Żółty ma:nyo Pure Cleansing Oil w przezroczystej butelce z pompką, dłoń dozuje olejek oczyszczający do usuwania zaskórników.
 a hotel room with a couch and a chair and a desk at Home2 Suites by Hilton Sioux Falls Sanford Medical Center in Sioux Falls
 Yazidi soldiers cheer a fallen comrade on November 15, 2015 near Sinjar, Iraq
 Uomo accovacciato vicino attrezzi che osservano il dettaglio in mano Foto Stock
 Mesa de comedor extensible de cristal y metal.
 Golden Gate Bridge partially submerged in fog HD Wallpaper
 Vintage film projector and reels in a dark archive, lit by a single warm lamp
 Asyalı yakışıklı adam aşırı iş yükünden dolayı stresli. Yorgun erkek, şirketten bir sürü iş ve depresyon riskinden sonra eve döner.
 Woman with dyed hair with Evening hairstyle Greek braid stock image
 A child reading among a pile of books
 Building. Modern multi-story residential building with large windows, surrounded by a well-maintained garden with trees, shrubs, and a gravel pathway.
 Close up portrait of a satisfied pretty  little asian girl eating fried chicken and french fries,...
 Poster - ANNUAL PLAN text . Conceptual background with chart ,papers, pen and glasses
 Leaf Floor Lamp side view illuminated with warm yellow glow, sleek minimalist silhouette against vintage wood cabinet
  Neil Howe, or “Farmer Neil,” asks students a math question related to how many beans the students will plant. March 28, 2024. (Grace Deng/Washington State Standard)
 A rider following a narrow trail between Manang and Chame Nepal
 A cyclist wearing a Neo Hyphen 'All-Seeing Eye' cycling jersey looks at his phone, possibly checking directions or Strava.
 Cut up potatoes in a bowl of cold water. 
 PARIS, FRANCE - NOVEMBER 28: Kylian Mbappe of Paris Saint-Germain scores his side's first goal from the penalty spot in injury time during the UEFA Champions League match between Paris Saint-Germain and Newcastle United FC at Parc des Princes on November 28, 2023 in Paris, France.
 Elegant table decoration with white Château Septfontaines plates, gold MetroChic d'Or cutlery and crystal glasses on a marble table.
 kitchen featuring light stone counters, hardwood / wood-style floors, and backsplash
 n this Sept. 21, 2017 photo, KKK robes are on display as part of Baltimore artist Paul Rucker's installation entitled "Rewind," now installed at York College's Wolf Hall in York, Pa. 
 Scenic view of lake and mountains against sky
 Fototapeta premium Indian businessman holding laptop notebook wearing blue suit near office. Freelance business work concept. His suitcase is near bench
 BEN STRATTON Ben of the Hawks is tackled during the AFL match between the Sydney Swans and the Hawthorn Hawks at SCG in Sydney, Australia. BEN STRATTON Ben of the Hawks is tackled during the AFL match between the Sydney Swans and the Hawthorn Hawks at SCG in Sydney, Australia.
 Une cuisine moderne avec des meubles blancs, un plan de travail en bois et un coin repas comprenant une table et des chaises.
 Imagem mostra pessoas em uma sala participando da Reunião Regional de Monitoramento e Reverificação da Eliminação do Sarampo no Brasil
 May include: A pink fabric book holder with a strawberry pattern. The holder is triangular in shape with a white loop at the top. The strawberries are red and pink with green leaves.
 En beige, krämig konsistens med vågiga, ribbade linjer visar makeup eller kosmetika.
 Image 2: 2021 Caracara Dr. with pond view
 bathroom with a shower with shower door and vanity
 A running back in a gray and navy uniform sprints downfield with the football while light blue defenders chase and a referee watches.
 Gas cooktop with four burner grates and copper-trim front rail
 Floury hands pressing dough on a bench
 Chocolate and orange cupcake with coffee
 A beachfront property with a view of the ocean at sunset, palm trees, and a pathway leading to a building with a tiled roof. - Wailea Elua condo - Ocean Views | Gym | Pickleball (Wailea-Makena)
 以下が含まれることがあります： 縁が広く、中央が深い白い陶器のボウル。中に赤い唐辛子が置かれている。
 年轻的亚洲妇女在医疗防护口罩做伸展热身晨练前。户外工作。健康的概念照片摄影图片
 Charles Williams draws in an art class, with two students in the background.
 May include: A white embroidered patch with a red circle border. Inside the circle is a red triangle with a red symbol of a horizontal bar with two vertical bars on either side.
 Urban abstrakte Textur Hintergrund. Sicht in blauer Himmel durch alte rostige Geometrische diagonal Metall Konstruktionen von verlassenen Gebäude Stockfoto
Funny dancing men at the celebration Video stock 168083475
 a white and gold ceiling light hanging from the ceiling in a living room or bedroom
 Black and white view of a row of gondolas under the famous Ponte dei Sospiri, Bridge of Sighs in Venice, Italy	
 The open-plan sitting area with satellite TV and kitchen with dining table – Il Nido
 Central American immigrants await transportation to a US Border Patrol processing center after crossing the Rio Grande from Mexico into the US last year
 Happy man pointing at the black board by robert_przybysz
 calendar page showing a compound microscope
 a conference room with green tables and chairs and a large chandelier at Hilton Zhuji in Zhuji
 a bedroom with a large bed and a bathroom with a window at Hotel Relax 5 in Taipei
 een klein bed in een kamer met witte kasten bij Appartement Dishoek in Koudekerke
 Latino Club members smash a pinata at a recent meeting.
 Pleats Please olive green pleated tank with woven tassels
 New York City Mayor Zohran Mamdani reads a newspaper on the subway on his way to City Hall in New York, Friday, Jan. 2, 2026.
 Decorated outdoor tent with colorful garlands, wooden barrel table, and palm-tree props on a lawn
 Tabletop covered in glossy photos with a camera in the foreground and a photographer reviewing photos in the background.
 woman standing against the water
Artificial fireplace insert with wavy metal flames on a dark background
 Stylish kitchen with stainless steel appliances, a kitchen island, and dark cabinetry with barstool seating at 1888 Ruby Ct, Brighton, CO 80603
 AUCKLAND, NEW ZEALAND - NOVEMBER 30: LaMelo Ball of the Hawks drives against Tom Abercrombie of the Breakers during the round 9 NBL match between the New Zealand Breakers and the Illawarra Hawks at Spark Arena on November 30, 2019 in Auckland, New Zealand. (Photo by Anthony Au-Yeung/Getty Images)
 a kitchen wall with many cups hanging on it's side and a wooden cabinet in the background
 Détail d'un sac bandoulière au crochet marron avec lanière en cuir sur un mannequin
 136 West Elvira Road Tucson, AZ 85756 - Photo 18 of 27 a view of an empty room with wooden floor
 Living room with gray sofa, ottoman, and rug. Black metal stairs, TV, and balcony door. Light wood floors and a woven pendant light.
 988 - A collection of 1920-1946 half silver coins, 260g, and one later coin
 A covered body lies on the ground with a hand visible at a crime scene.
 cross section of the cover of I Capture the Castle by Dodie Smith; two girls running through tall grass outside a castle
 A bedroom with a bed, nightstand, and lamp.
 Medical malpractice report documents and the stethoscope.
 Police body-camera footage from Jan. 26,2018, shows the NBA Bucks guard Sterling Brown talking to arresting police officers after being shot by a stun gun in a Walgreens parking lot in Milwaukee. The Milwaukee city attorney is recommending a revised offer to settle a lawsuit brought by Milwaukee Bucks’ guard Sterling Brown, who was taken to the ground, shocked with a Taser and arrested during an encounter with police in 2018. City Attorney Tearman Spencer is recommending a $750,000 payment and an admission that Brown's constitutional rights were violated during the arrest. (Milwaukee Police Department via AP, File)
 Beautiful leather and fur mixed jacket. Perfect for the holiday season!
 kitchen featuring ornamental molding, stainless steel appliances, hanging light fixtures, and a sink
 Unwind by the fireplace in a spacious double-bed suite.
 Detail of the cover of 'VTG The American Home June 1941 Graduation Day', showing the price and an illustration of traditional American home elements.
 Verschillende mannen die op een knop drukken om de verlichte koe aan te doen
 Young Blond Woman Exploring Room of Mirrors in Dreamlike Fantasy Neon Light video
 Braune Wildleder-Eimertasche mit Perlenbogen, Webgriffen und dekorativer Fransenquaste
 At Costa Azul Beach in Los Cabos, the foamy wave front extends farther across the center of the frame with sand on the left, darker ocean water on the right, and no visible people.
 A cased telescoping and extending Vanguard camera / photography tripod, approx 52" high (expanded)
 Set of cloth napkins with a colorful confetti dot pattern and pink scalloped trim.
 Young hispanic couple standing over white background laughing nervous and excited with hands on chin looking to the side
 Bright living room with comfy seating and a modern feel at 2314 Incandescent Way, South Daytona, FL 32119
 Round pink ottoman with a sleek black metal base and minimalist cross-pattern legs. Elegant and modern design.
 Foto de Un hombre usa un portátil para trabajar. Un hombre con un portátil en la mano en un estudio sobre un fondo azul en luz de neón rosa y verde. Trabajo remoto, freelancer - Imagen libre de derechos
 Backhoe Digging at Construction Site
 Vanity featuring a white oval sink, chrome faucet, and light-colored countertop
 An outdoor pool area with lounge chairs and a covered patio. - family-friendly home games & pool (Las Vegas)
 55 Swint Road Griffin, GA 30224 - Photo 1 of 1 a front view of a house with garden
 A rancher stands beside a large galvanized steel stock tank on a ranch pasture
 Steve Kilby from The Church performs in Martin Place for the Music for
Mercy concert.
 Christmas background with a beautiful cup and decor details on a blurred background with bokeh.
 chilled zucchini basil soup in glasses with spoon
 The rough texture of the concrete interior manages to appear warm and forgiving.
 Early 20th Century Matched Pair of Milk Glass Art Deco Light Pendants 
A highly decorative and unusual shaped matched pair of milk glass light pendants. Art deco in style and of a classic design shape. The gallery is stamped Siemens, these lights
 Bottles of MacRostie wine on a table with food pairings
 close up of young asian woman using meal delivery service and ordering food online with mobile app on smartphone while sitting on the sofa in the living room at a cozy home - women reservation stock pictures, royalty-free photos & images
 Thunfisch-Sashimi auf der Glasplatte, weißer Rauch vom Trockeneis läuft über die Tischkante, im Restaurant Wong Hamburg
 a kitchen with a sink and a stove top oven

[WORK ITEM] Ending with the line containing "a hotel room", please print exactly the lines of the material above from its first line onward, and nothing else.

[EXERCISE RESPONSE]
Żółty ma:nyo Pure Cleansing Oil w przezroczystej butelce z pompką, dłoń dozuje olejek oczyszczający do usuwania zaskórników.
 a hotel room with a couch and a chair and a desk at Home2 Suites by Hilton Sioux Falls Sanford Medical Center in Sioux Falls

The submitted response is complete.